Ce passage est essentiel : il met en scène la confusion des clés. Clé du coffre, clé de l’État, clé du tampon. Dans cette France-là, on ne vole pas un avion, on vole un papier. Et le papier, une fois tamponné, devient vérité volante. Giscard pardonne. Normal : le péché n’est pas d’abuser, c’est de se faire remarquer.
De la perdrix à l’éléphant, ou l’écologie en bandoulière
La chute du début est bien trouvée : “Là, ce n’est pas la perdrix que le dauphin va chasser : c’est un gibier plus gros, plus noble et plus rare : l’éléphant.” Et Macé plante aussitôt le décor hypocrite : le porte-parole de l’Élysée s’appelle Hunt (chasse, en anglais), mais il “se garde bien” de préciser que les Giscard vont chasser le pachyderme. L’ironie est double : l’homme porte son métier dans son nom, et il s’en sert pour cacher l’évidence.
Surtout, le papier brandit une contradiction à la fois comique et gênante : Giscard est président d’honneur du Fonds mondial pour la vie sauvage, donc supposé protéger ces “pauvres pachydermes en voie de disparition”. Chasse interdite, sauf pour le président d’honneur… Voilà toute la morale de Macé : la règle existe, mais elle est extensible, comme une ceinture de safari.
Et comme souvent au Canard, la satire vise moins la chasse elle-même (vieille passion de notables) que la mise en scène : l’écologie devient une décoration sur une veste kaki. On protège l’éléphant… en allant le voir de très près, lunette comprise.
Centrafrique : la carte postale et le dessous des cartes
Derrière les boutades, il y a un contexte lourd. En 1978, la Centrafrique de Bokassa n’est pas un simple décor exotique : c’est un nœud de la “Françafrique”, un de ces lieux où la diplomatie française aime prendre un “repos privé” qui ressemble furieusement à une visite utile. Macé le suggère en posant la question : “Mais vous voulez-vous que Valéry aille faire en Centrafrique ? Jouer à la belote avec Bokassa Ier ?”

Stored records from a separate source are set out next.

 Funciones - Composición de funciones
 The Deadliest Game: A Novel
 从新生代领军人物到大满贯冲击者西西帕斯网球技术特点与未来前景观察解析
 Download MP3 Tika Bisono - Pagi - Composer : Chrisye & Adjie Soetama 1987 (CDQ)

La blague a des crocs : elle rappelle que les amitiés africaines de Paris ne sont pas seulement des poignées de main, mais des habitudes, des réseaux, des arrangements, des silences. Le Canard a déjà l’oreille pour ces coulisses-là. Ici, l’article tient sur un fil : on annonce du privé, on sent du politique. On annonce du repos, on devine une proximité.
Et Macé ajoute une touche délicieusement vénéneuse : Giscard, avant de partir, a fait une visite-express à La Villette, où l’on expose “ses tableaux de chasse” et “ceux de Ryton”. Le président, nous dit le journal, va peut-être enrichir le musée. Les Français “seront ravis” : leur patrimoine s’agrandit. Traduction canardeuse : quand le pays se serre la ceinture, le château accroche des trophées.
L’éléphant, la morale et la trompe
Le texte se referme en beauté sur une pirouette : la chasse à l’éléphant est interdite “en août” chez l’ami milliardaire qui possède une réserve. “Faut bien protéger les pauvres pachydermes…”, conclut Macé, en rappelant le paradoxe final : le pouvoir sait très bien se donner l’air vert au moment même où il se permet le luxe du contraire.
Ce papier, sous ses jeux de mots, documente une chose durable : la tentation monarchique de la Ve République, surtout quand elle voyage. Le communiqué fabrique une dynastie miniature, la chasse fabrique un standing, et l’Afrique sert de scène où l’on peut être à la fois président d’honneur de la vie sauvage et héros de safari. Le tout, bien sûr, au nom de “la qualité de la vie”… des éléphants.